#### **Phase 6 guide (Deployment Plan)**

**1. Plan and implement deployment**  

- The project successfully deployed two models **Machine Learning Model 1(XGBoost) and Deep Learning Model 2(Multi-layer Perceptron)** on **Google Cloud IDX**. The backend was built using **FastAPI**, which handles API requests for model predictions.   
- The frontend interface (car_prediction.html) is a simple and user-friendly web form that allows users to input car features for prediction. This setup is suitable for testing and initial user feedback.
- This stack (HTML, Javascript + Python/FastAPI) is lightweight and ideal for rapid prototyping and demonstration.

**2. Plan monitoring**
- The system is monitored through **FastAPI** server logs. User feedback from trial sessions will also help assess model performance and accuracy. 
- In the future, tools like Prometheus and Grafana can be integrated to monitor key metrics such as API response time, request volume, and errors.

**3. Plan maintenance**  
The system will undergo regular checks and updates, including:
- Updating models with new data.
- Adjusting hyperparameters if needed.
- Ensuring backend compatibility with FastAPI updates.
- Regular backups of data and model files.

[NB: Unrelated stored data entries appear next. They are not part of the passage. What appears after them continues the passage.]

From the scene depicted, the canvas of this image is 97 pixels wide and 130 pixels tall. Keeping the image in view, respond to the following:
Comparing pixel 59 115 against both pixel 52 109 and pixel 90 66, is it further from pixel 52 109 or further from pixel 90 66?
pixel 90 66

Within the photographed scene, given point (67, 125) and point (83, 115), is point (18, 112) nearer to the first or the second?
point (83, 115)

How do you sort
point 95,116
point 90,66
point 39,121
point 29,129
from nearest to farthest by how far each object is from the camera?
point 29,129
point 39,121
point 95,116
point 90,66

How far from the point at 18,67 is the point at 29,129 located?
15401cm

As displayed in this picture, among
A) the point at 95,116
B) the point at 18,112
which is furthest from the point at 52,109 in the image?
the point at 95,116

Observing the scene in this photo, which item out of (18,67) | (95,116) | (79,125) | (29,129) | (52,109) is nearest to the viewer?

**4. Produce a final report**  
- The final report includes:
- The model development process.
- Evaluation results of Model 1 and Model 2.
- Description and screenshots of the user interface.
- Deployment architecture.
- Recommendations for improvement and scalability plans.

**5. Review project**  
The project has completed the core stages - CRISP-DM: Business Understanding, Data Understanding, Data Processing, Model Training, Evaluation, and Deployment.  
Both models were tested in a live environment. 
Deployment on Google Cloud IDX demonstrated the system's feasibility and potential for further development.

#### **Additional questions:**
**1. What production service platform will be used?**
- The system is deployed on Google Cloud IDX, which is suitable for development, testing, and small-scale deployment.

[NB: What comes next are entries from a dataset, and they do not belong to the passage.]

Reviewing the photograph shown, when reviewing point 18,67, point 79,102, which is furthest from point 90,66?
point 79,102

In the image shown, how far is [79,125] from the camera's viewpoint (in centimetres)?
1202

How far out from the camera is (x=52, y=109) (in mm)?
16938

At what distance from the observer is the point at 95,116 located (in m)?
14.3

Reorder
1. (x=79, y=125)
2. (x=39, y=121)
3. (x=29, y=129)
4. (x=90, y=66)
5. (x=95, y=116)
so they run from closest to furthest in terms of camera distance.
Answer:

**2. How to upload a model to a production server?**
- The project uses two machine learning models: one built with XGBoost and another with Keras (a neural network model). These models are uploaded to the production server as follows:

- The XGBoost model is saved in .model format and loaded into the FastAPI application using xgb.Booster().load_model('xgb_price_prediction.model').

- The Keras model is saved in .keras format and loaded using load_model('mlp_model.keras').

- Additionally, a scaler for input normalization is stored as a .pkl file and loaded using joblib.load('scaler_price_prediction.pkl').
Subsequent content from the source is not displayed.